BEGIN Dataset excerpt

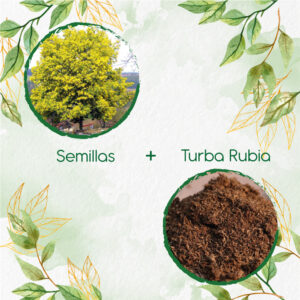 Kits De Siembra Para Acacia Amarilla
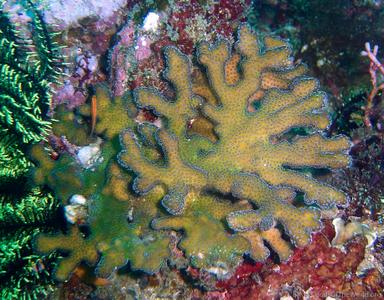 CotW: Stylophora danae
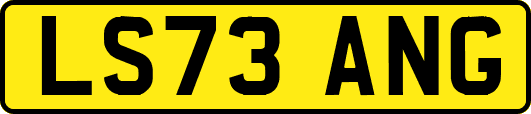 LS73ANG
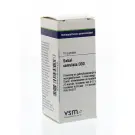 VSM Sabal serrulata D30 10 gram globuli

END Dataset excerpt

*About this task:* Copy exactly the lines from the line holding "CotW: Stylophora danae" to the final line of the listing, and leave the pictures out.

*Task output:*
 CotW: Stylophora danae
 LS73ANG
 VSM Sabal serrulata D30 10 gram globuli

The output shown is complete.